*Exercise details*: The line with "Now you may" marks the first line to copy, and the line with "This video demonstrates" marks the last. Transcribe that stretch of the data below exactly, without pictures.

*Information shown*:
========
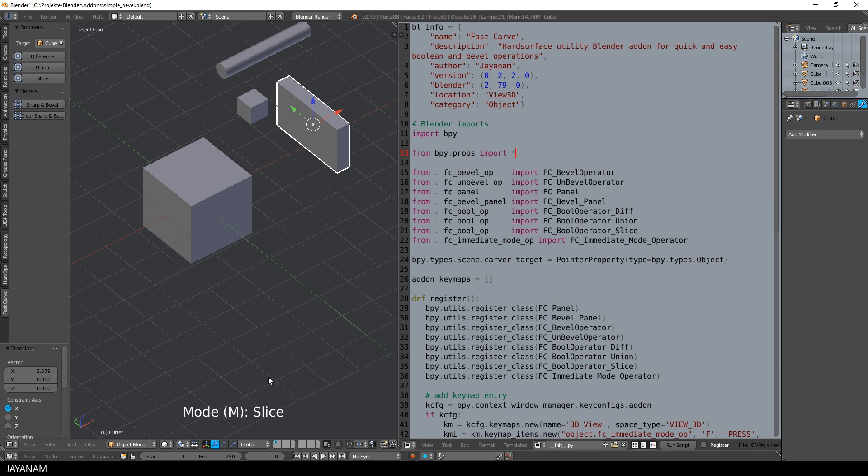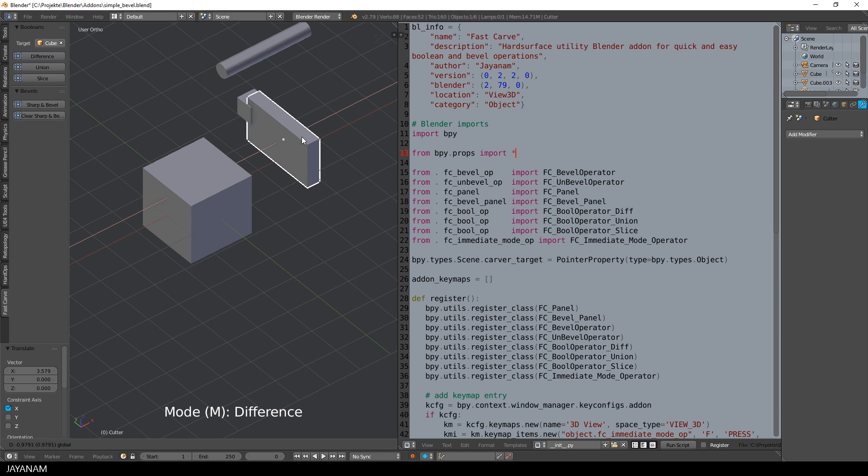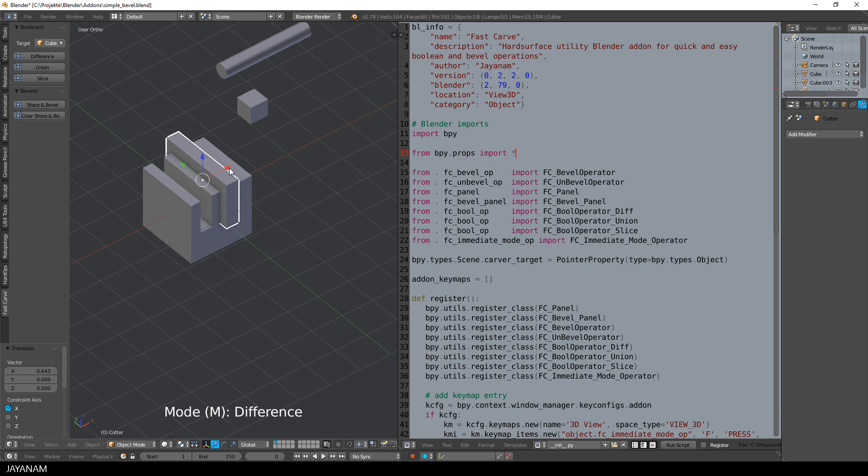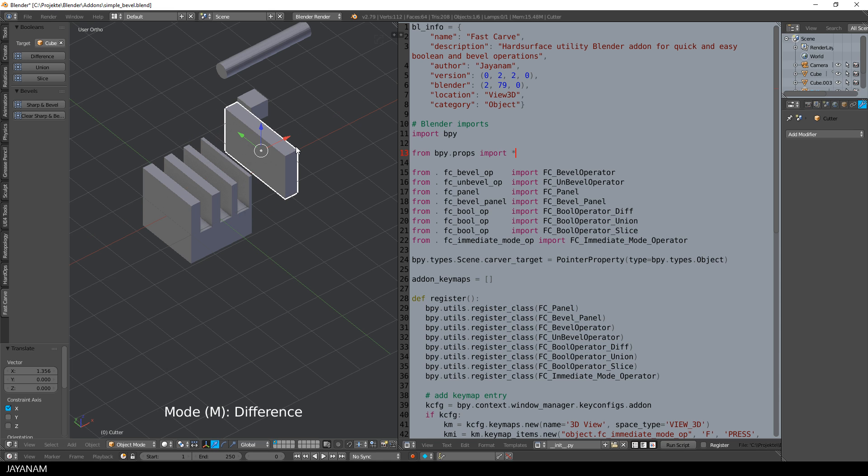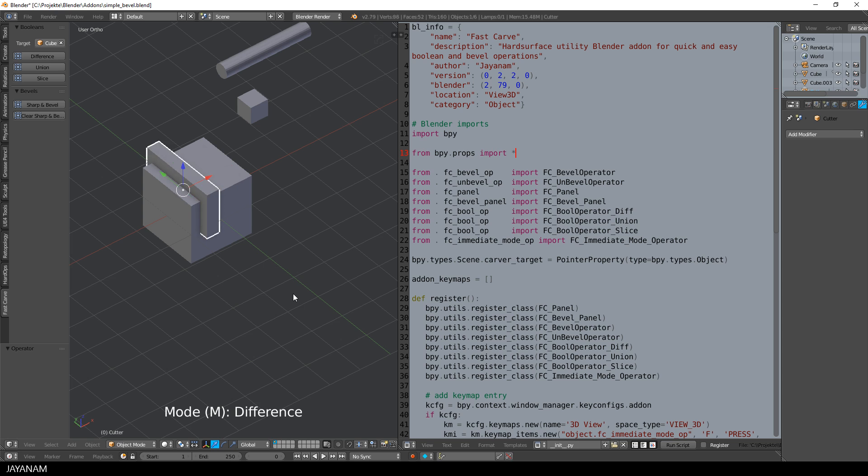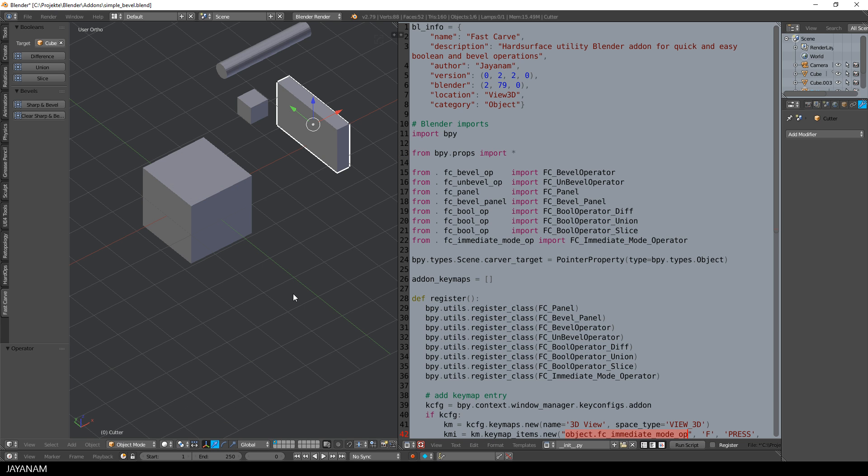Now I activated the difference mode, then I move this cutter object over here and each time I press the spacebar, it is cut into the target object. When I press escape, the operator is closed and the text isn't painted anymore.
========
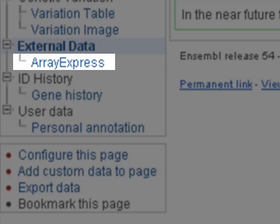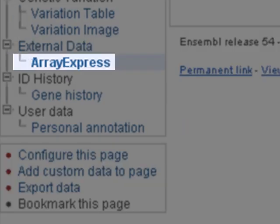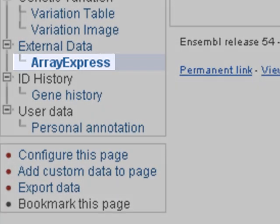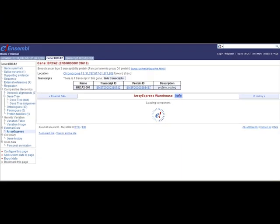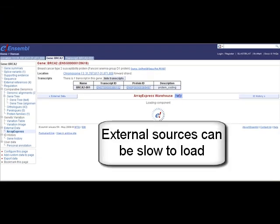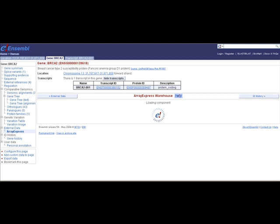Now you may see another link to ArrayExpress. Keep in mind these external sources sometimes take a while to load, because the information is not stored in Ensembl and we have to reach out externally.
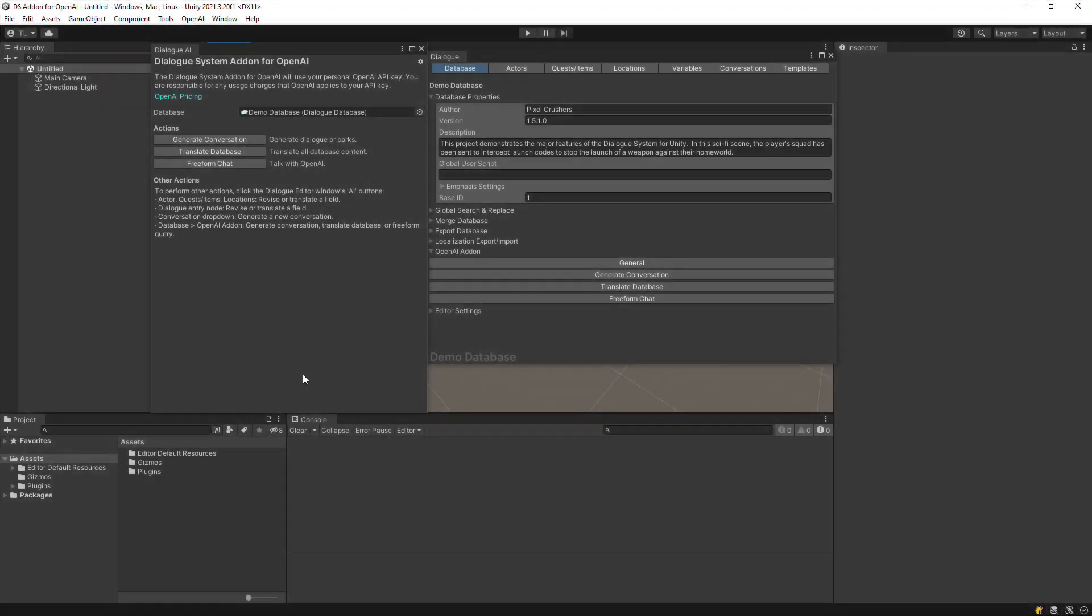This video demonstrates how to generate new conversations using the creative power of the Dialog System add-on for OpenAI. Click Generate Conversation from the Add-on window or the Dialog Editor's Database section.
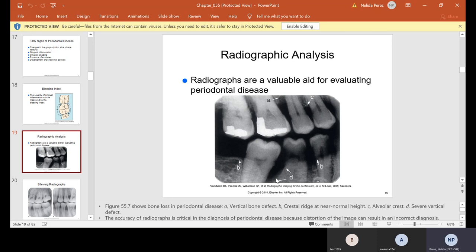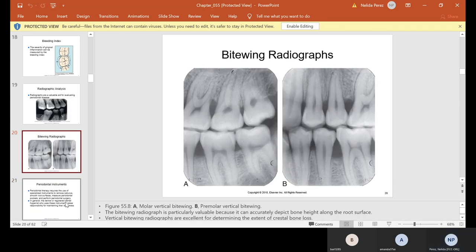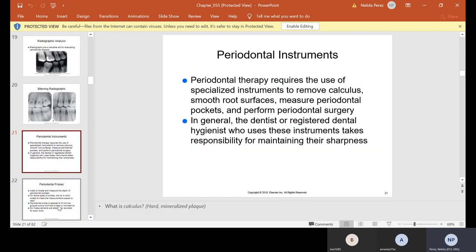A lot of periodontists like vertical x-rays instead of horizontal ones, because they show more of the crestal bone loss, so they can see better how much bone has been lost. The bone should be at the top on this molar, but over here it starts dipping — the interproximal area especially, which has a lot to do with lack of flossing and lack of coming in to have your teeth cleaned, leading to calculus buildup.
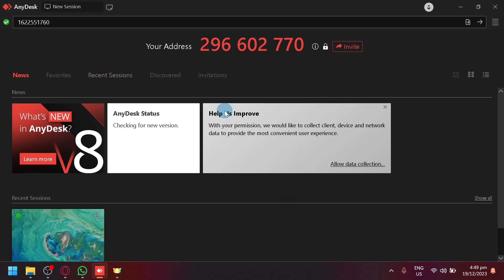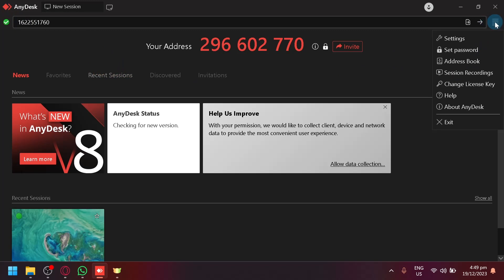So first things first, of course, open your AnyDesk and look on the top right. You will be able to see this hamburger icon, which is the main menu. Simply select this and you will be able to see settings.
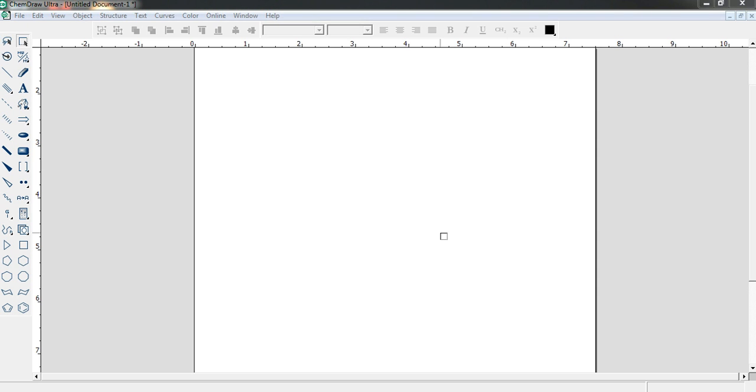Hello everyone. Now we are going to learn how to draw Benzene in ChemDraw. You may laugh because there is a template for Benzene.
========
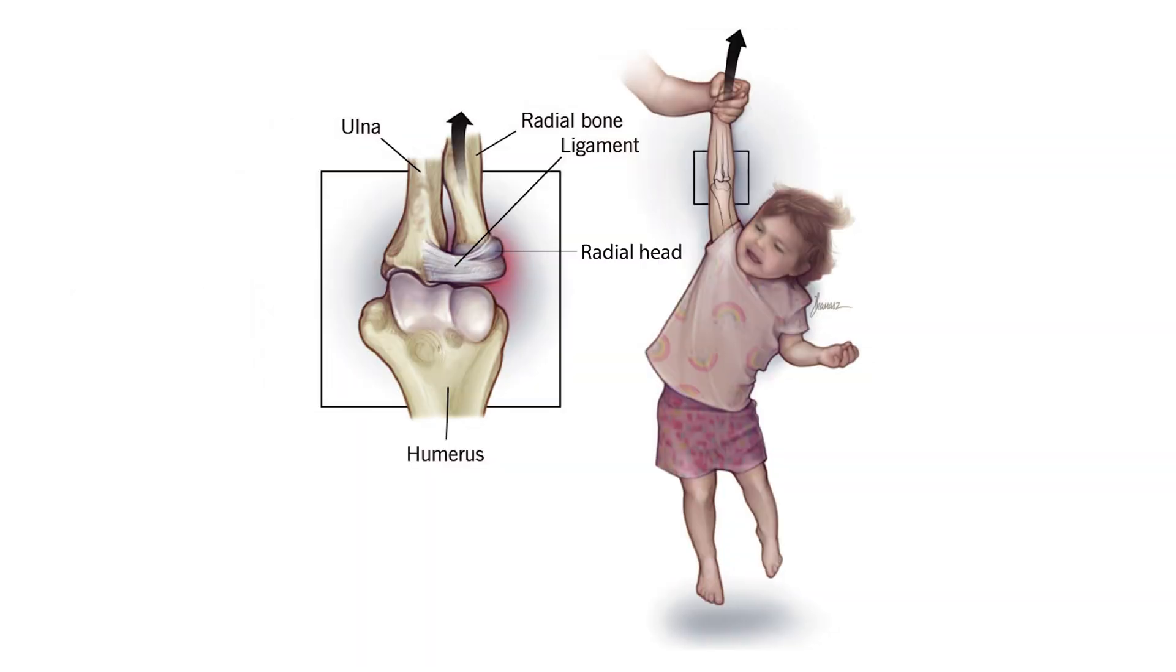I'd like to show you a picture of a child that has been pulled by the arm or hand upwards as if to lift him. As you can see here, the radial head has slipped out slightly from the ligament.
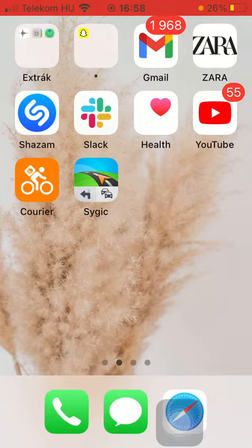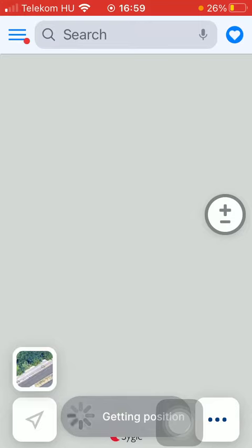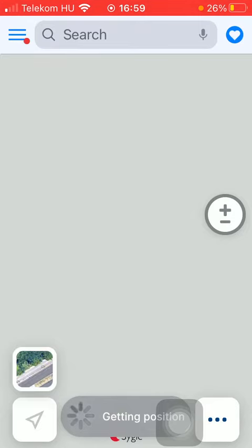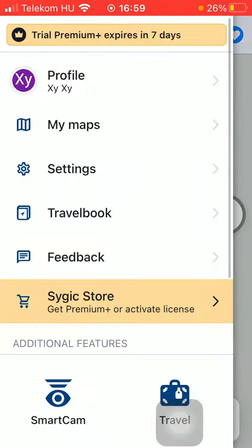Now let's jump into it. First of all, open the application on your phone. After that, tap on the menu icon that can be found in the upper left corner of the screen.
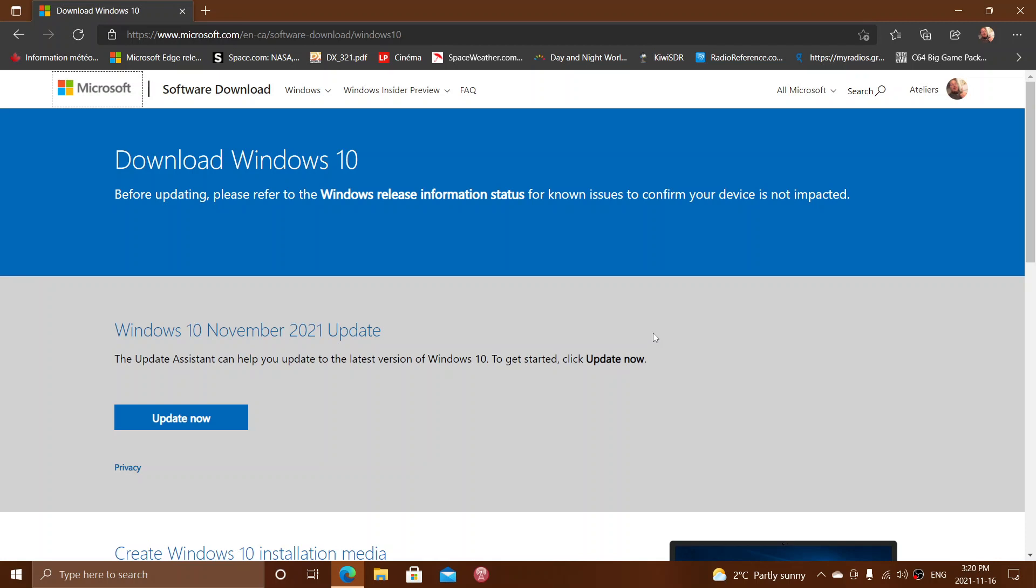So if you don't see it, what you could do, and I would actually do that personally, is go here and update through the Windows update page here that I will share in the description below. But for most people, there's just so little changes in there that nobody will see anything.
========
*Completed exercise*:
Now you may see another link to ArrayExpress. Keep in mind these external sources sometimes take a while to load, because the information is not stored in Ensembl and we have to reach out externally.
This video demonstrates how to generate new conversations using the creative power of the Dialog System add-on for OpenAI. Click Generate Conversation from the Add-on window or the Dialog Editor's Database section.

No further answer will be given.